La casa così, atavico luogo dell’orrore cinematografico (eviteremo stavolta elenchi, avendo già dato qualche consiglio di collegamento a proposito di Men, Alex Garland 2022), è qui svuotata sin da subito dalla semantica del rifugio o della dimora. In questo senso Vivarium si guadagna un posticino tutto suo, evitando quel pattern tipico per cui il focolare domestico è prima luogo di asilo e poi di assedio. Va detto che in questo ottimo punto di partenza c’è anche, in un certo senso, un parziale disinnesco della retorica politica del film: non si capisce mai davvero perché i due debbano essere puniti così duramente. Loro, in quella casa, non ci volevano davvero andare. Vi ci sono stati tratti con l’inganno. È forse questa, come anticipavamo, la vera inclemenza di Finnegan-Shanley (sceneggiatore). La coppia è vittima sacrificale, capro espiatorio, incolpevole di per sé ma portatrice dello stigma di una intera ideologia. Catapultati a forza nel loro formicaio artificiale (ricordano un po’ i tunnel delle formiche le immagini misteriose che il bambino guarda sul televisore) non è nemmeno coi loro demoni che debbono confrontarsi. Tom, giardiniere, inizia a scavare incessantemente una buca in giardino, metafora di una ricerca nel profondo di sé che non lo porta assolutamente a nulla. Gemma tenta di accudire Martin, il bambino-mostro che è stato loro appioppato, ma rifiuta fino alla fine di indossare le vesti di madre, di calarsi in un ruolo impostole dall’esterno; se avesse voluto, un figlio l’avrebbe fatto. Il bambino-mostro, infine, è tale non solo o non già per i suoi comportamenti indegni, ma soprattutto perché privo di ogni forma di immaginazione. Non vede nelle nuvole che nuvole. È privato del fascino della pareidolia infantile (vedere nelle nuvole nient’altro che nuvole significa non saper uscire dalla pura referenzialità delle cose). È, anch’egli, un simulacro, un contenitore vuoto, come tutto a Yonder, inferno obitoriale che ingabbia nelle sue spire prive di senso e, alla fine, uccide. È così, e basta. Il titolo già diceva tutto: la casa è vivarium, vivaio, luogo non a caso deputato all’allevamento delle bestie incolpevoli, giocoforza costrette a sussumerlo come propria abitazione, incapaci di vedere che là fuori qualcuno le sta guardando, e non nutre intenzioni benevole nei loro confronti.
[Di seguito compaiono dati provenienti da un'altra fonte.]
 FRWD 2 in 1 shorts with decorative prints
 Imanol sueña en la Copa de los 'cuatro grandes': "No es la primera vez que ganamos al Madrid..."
Alla fine tout se tient, ma non si aspettino i lettori qualsivoglia tipo di catarsi o di spiegazione esaustiva. L’eterno ritorno dell’identico la farà da padrone. Questa, in definitiva, e per l’ultima volta, la piccola grandezza di un piccolo (pochi attori, messinscena oculatamente “povera”, impiego parco di mezzi salvo che nel pre-finale con altre case e altre dimensioni forse un po’ sbrodolone) grande film, che ha la temerarietà di non ammiccare mai, di non prenderci (quasi) mai per mano, di metterci di fronte al vuoto di certe isterie collettive e lì abbandonarci, soli, inermi.